Talks on UK joining EU Horizon research programme ‘crunchy’, says Hunt
Talks on the UK participating in the Horizon Europe science programme have not stalled but are looking at “crunchy” financial details, Jeremy Hunt said.
The Chancellor said any agreement on UK involvement would depend upon the benefit to taxpayers.
Mr Hunt said the “optimal outcome” would be to find a way for participation in the programme to “work for the UK”.
Asked about the negotiations during a visit to Brussels, he said: “I wouldn’t describe them as stalled. I think that they are becoming more crunchy as we start to work out precisely what terms for participation in Horizon would be fair to UK taxpayers and work for the UK.
“But I think both sides recognise that it is a successful and very important programme and the optimal outcome will be to find a way where participation can work for the UK.”

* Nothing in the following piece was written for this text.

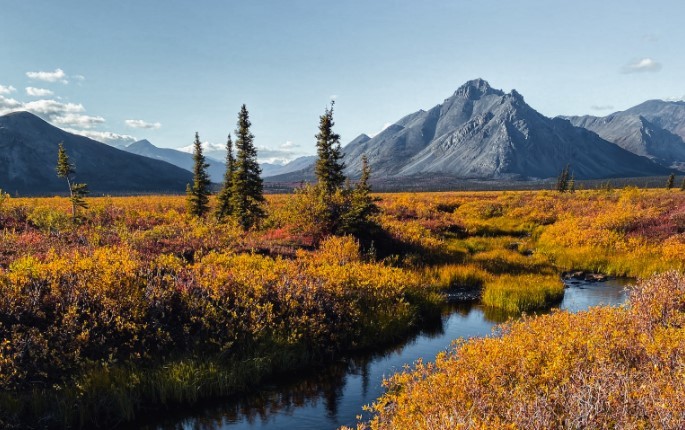 An Alaskan valley is filled with red and orange colored brush and vegetation. A small creek winds through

Horizon Europe is a collaboration involving Europe’s leading research institutes and technology companies.
The Government was set for membership of the programme as part of the Brexit trade deal but that was scuppered by disputes over the Northern Ireland Protocol.

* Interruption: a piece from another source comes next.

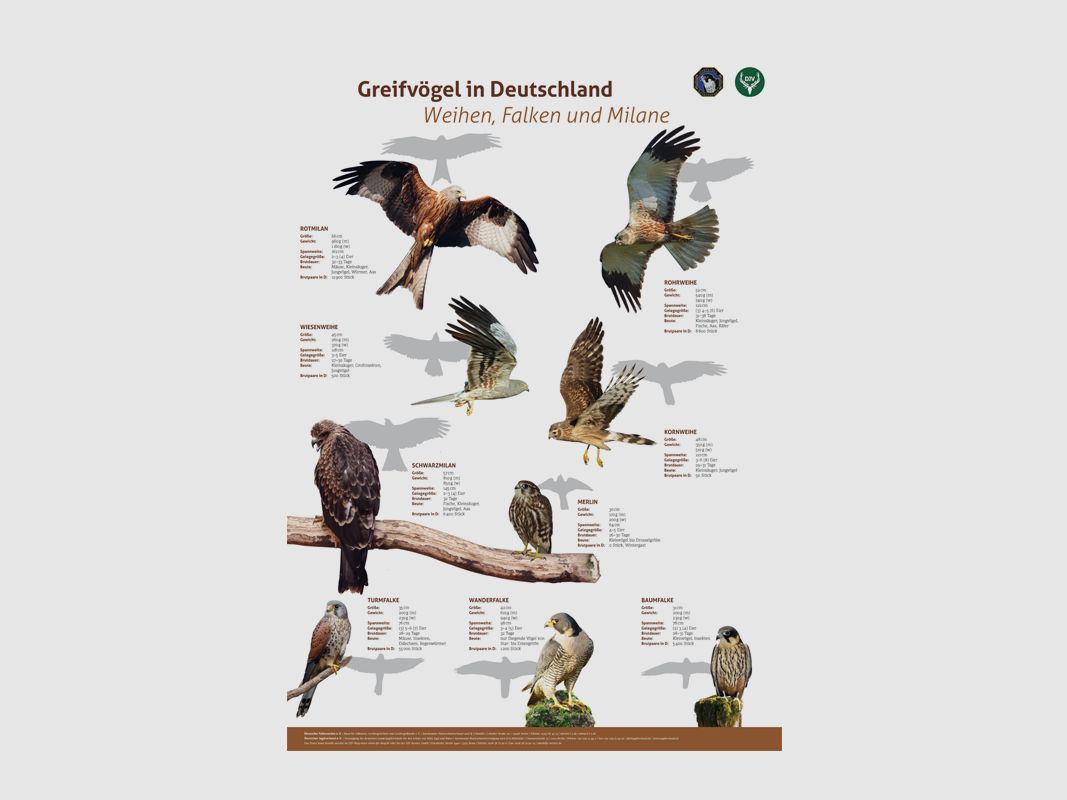 Poster Greifvögel 3: Weihen, Falken, Milane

Those have now been resolved through the Windsor Framework and European Commission president Ursula von der Leyen opened the door to Rishi Sunak to join the scheme.

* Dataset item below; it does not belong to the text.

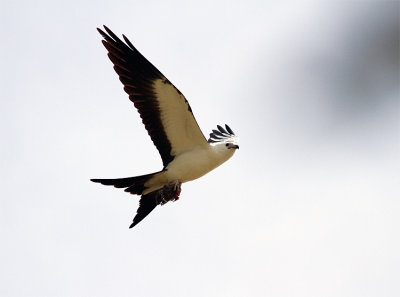 Swallow Tail Kite on S FL ave.jpg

The Chancellor was in Brussels to sign a memorandum of understanding with financial services commissioner Mairead McGuinness in the latest sign that damage in the relationship between the UK and EU was being repaired.
She said: “I think both sides know that there are benefits to have a shared area around science and innovation.
“I like the word crunchy … I think the objective is a shared one and certainly I would encourage more crunching so that we get a result.”
Meanwhile, another complication in the UK’s post-Brexit relationship with the EU has emerged in Gibraltar, where Spain is reportedly eyeing up control of the territory’s airport.
The Times reported that talks on the long-term relationship between Gibraltar and its neighbour Spain had foundered over the issue.
“The Spanish have asked for a regulatory framework over the management of the airport which implies Spanish jurisdiction, which is not something that Gibraltar can tolerate,” Vice-Admiral Sir David Steel, the governor of Gibraltar, said.
In Westminster, the Prime Minister’s official spokesman said: “We’re working side by side with the government of Gibraltar, we’re committed to concluding the UK-EU treaty as soon as possible.”
That would not be possible before Spain’s elections on July 23, the spokesman said, but “we remain a steadfast supporter of Gibraltar, and we’re not going to do anything that would compromise sovereignty”.